* **PROBLEM STATEMENT**: Although the entries contain pictures, write out only their text, exactly as it stands.

* **LISTED ENTRIES**:
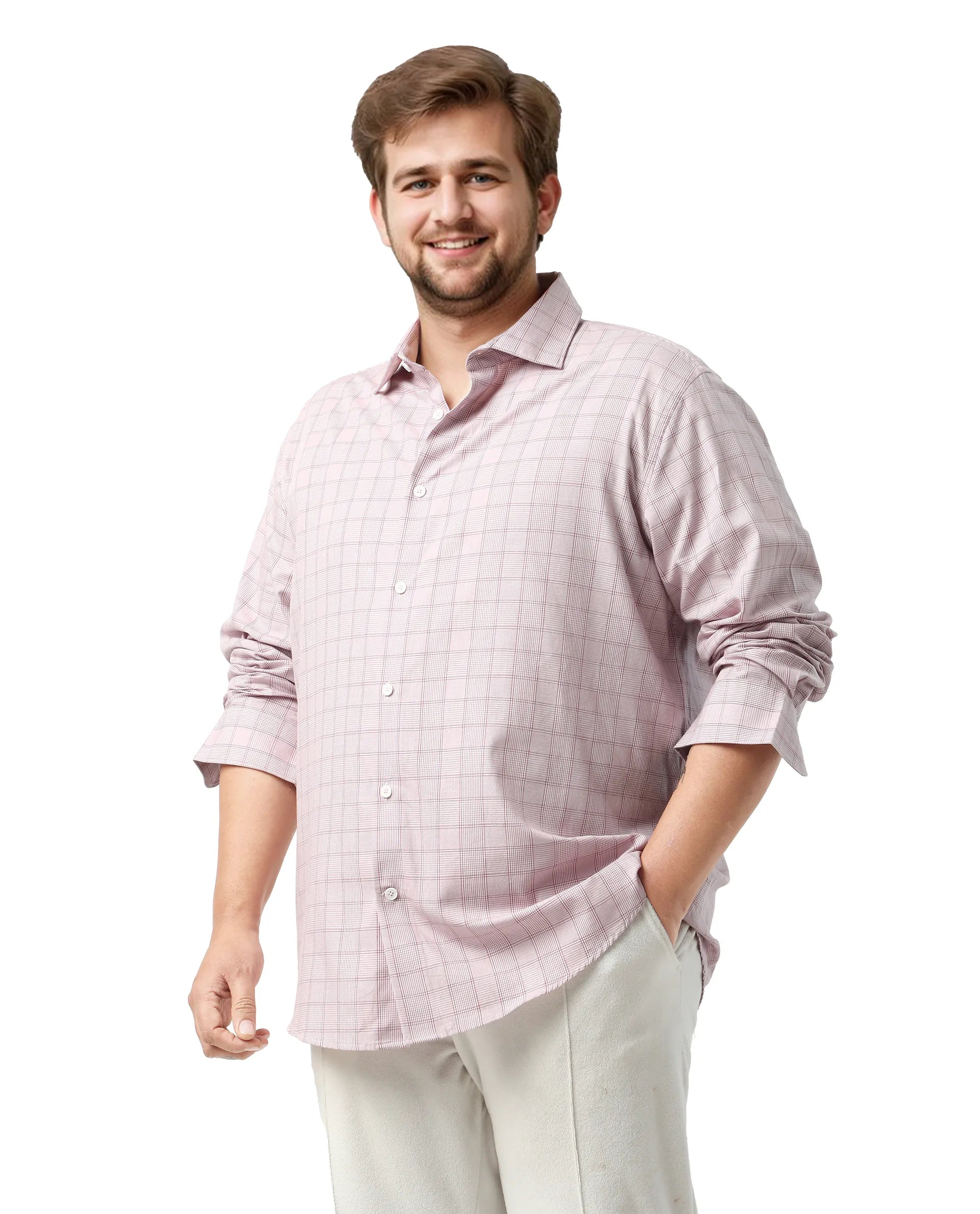Rare Rabbit Men's Chek Big Red Cotton Fabric Full Sleeves Collared Neck Button Closure Checked Shirt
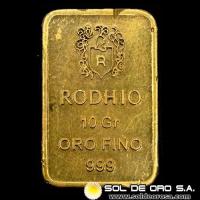 RODHIO - BLUE MOON REFINING - 10 GRAMOS - BARRA DE ORO 24K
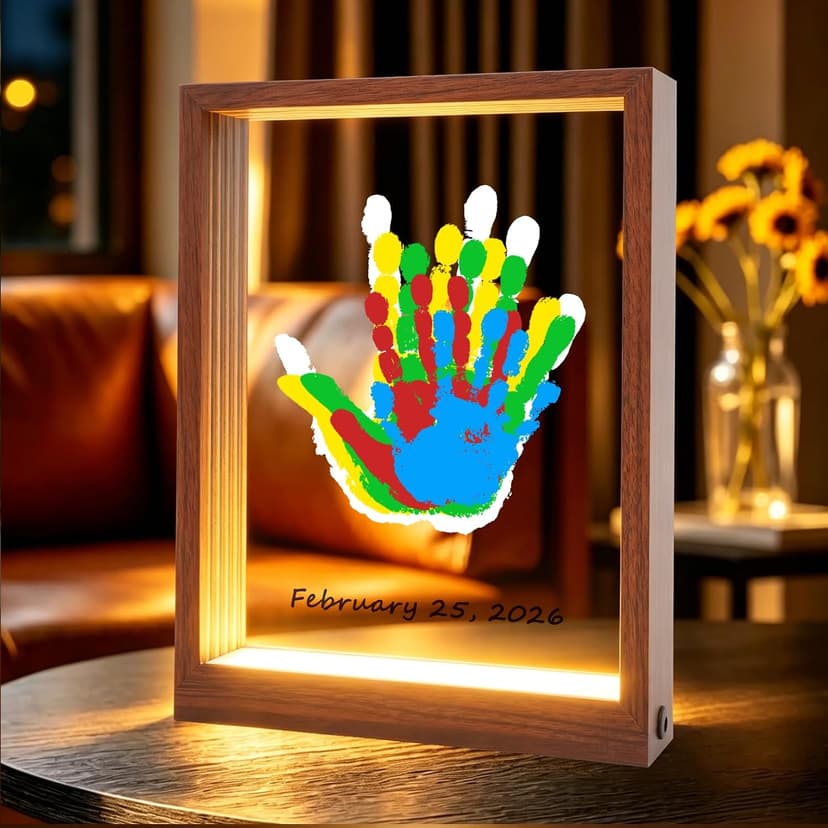 Bixinyo Family Handprint Kit with Light, Baby Hand and Footprint Keepsake Wooden Frame, Family Gifts for Mom, New Parents, Mother's Day, Adoption Gifts, 5 Non-Toxic Paints (Light, Maroon) B0GQGTNBSD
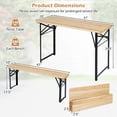 thumbnail image 3 of Gymax 3PCS Folding Picnic Table w/ Benches Seats & Metal Frame for Garden Patio, 3 of 10
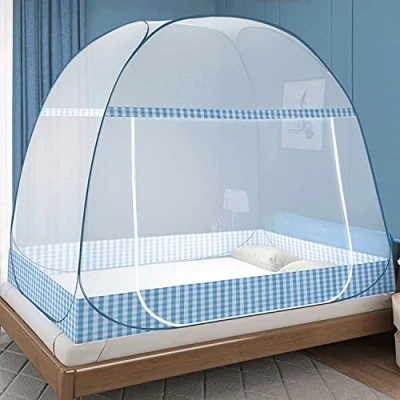 Abbildung von Moskitonetz Bett Pop Up, Faltbares moskitonetz, Tragbares Reise Moskito Campingzelt für Schlafzimmer Outdoor Camping, Einfache Installation, Feinmaschig (Blau, 200x180x150 cm)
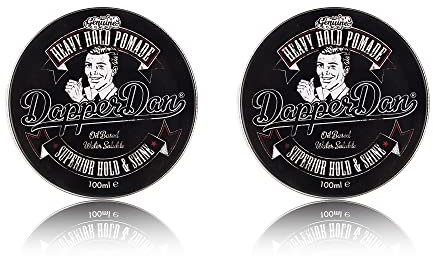 Dapper Dan Pomata Extra Forte per Uomini, Tenuta Forte e Alta Lucentezza, Prodotto per lo Styling dei Capelli Uomini a Base d'Olio, Solubile in Acqua, Profumo di Liquirizia e Vaniglia, 2 x 100 ml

* **EXERCISE SOLUTION**:
Rare Rabbit Men's Chek Big Red Cotton Fabric Full Sleeves Collared Neck Button Closure Checked Shirt
 RODHIO - BLUE MOON REFINING - 10 GRAMOS - BARRA DE ORO 24K
 Bixinyo Family Handprint Kit with Light, Baby Hand and Footprint Keepsake Wooden Frame, Family Gifts for Mom, New Parents, Mother's Day, Adoption Gifts, 5 Non-Toxic Paints (Light, Maroon) B0GQGTNBSD
 thumbnail image 3 of Gymax 3PCS Folding Picnic Table w/ Benches Seats & Metal Frame for Garden Patio, 3 of 10
 Abbildung von Moskitonetz Bett Pop Up, Faltbares moskitonetz, Tragbares Reise Moskito Campingzelt für Schlafzimmer Outdoor Camping, Einfache Installation, Feinmaschig (Blau, 200x180x150 cm)
 Dapper Dan Pomata Extra Forte per Uomini, Tenuta Forte e Alta Lucentezza, Prodotto per lo Styling dei Capelli Uomini a Base d'Olio, Solubile in Acqua, Profumo di Liquirizia e Vaniglia, 2 x 100 ml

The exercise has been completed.